* Work task:
Would you reproduce the data below exactly, please, leaving out its images?

**********

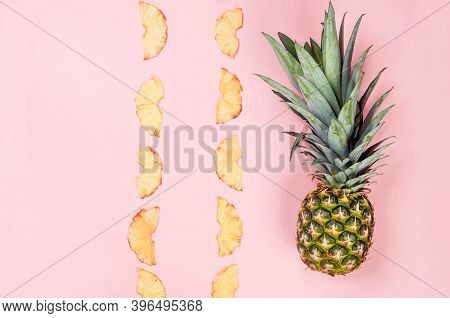 Ripe Juicy Pineapple On Pink Background And Dried Pineapple Wedges Around. Fruit Chips. Healthy Eati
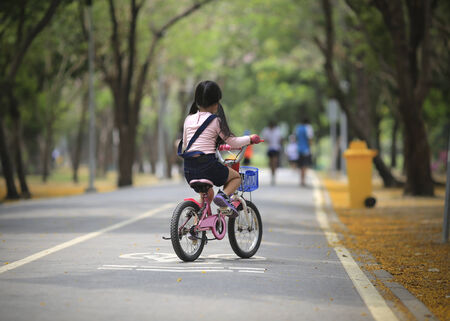 Young girl on the bicycle at Park.の写真素材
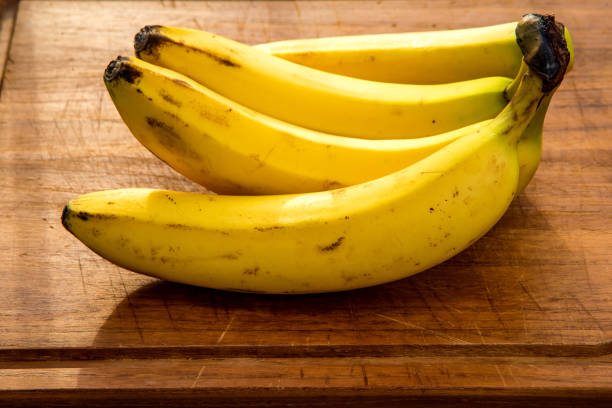 istock ripe bananas on a kitchen plank 1731185876
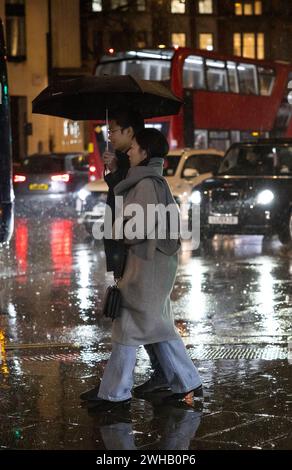 Touristen mit Regenschirmen an einer verregneten Winternacht in Aldwych, Londons Theaterviertel im West End, London, England, Großbritannien Stockfoto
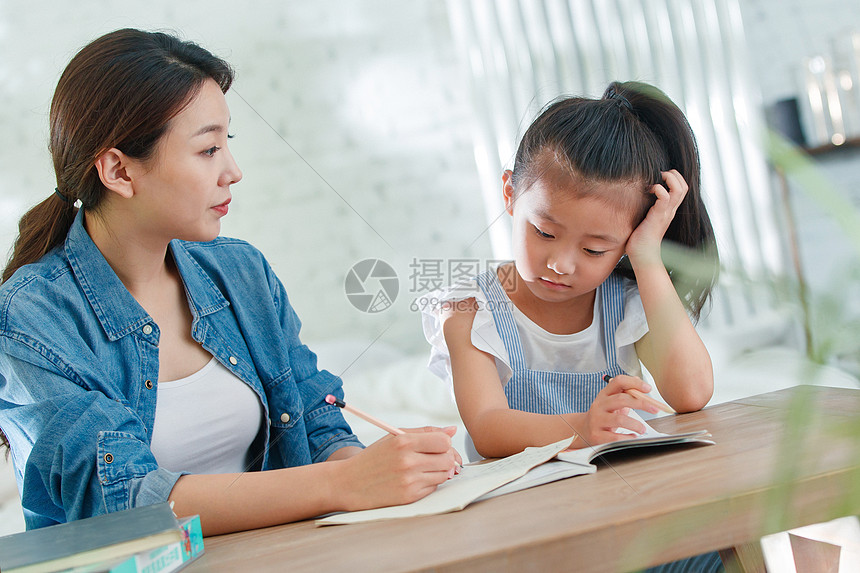 辅导女儿做作业的青年女人高清图片下载-正版图片507668839-摄图网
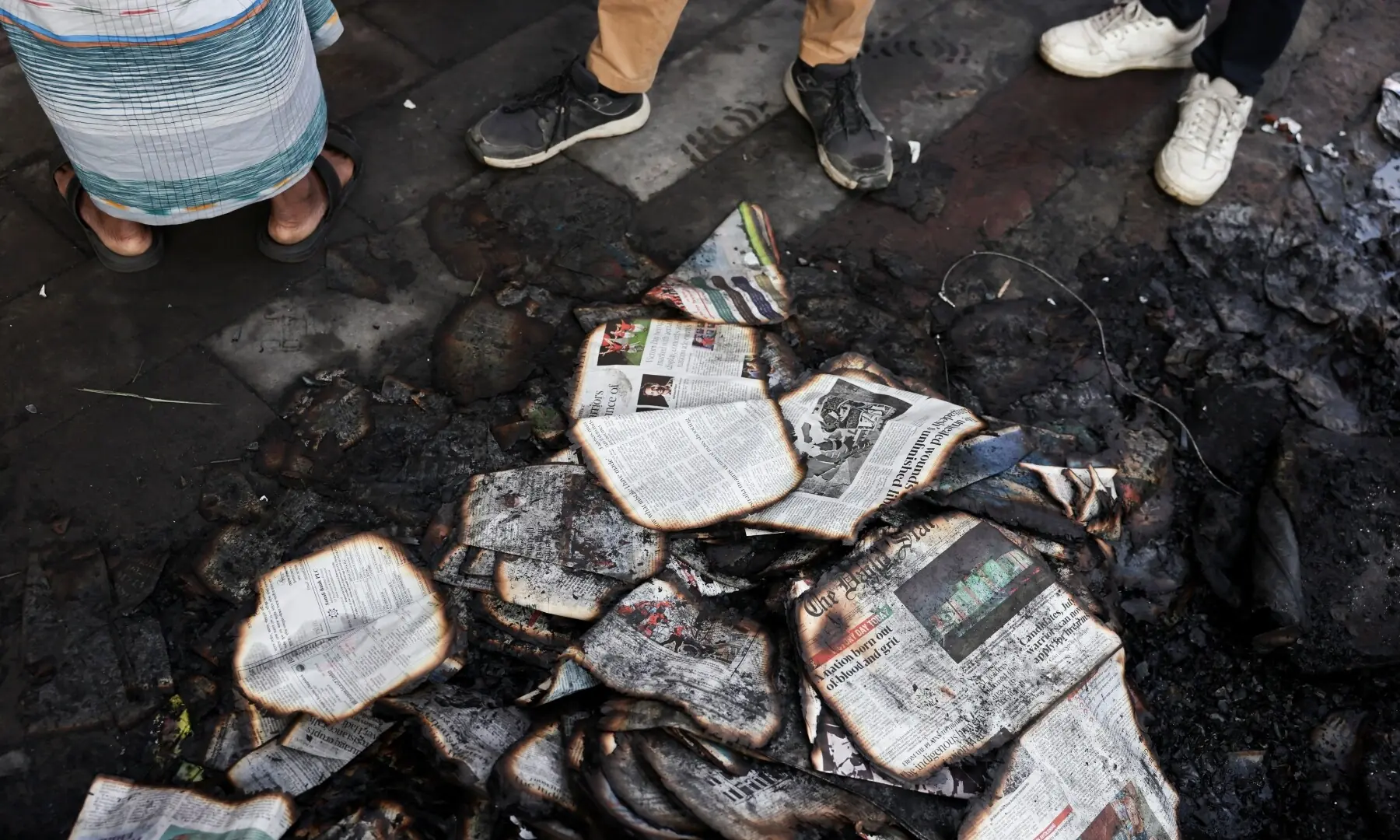 People stand next to burnt newspapers in front of the Daily Star building, following the death of Sharif Osman Hadi, a student leader, who had been undergoing treatment in Singapore after being shot in the head, in Dhaka, Bangladesh, December 19, 2025. &mdash; Reuters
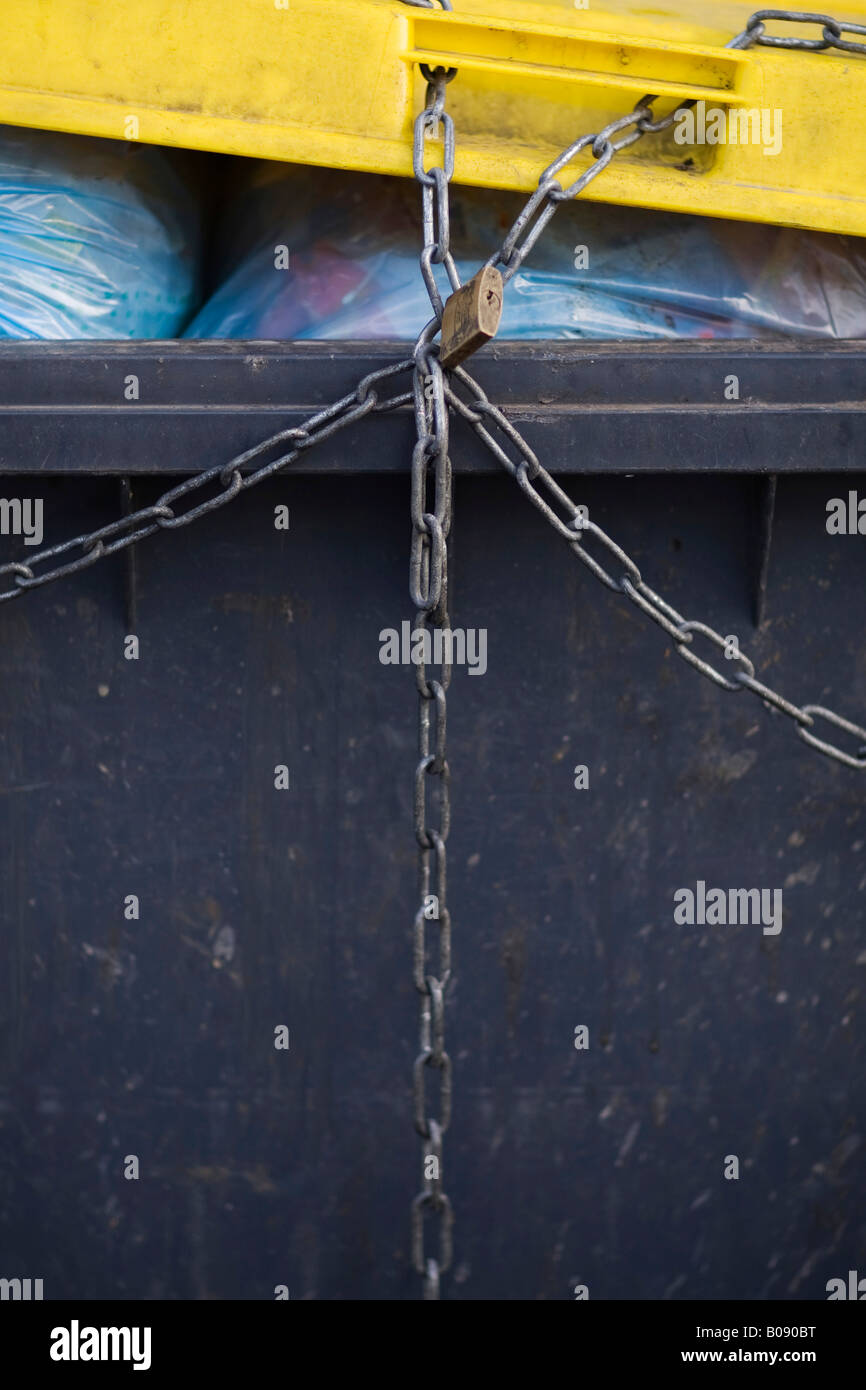 Waste container tied up with chains Stock Photo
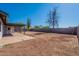 View of covered patio and expansive backyard with mature trees and landscaping at 3118 S Los Altos Dr, Mesa, AZ 85202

**********

* Answer section:
 Ripe Juicy Pineapple On Pink Background And Dried Pineapple Wedges Around. Fruit Chips. Healthy Eati
 Young girl on the bicycle at Park.の写真素材
 istock ripe bananas on a kitchen plank 1731185876
 Touristen mit Regenschirmen an einer verregneten Winternacht in Aldwych, Londons Theaterviertel im West End, London, England, Großbritannien Stockfoto
 辅导女儿做作业的青年女人高清图片下载-正版图片507668839-摄图网
 People stand next to burnt newspapers in front of the Daily Star building, following the death of Sharif Osman Hadi, a student leader, who had been undergoing treatment in Singapore after being shot in the head, in Dhaka, Bangladesh, December 19, 2025. &mdash; Reuters
 Waste container tied up with chains Stock Photo
 View of covered patio and expansive backyard with mature trees and landscaping at 3118 S Los Altos Dr, Mesa, AZ 85202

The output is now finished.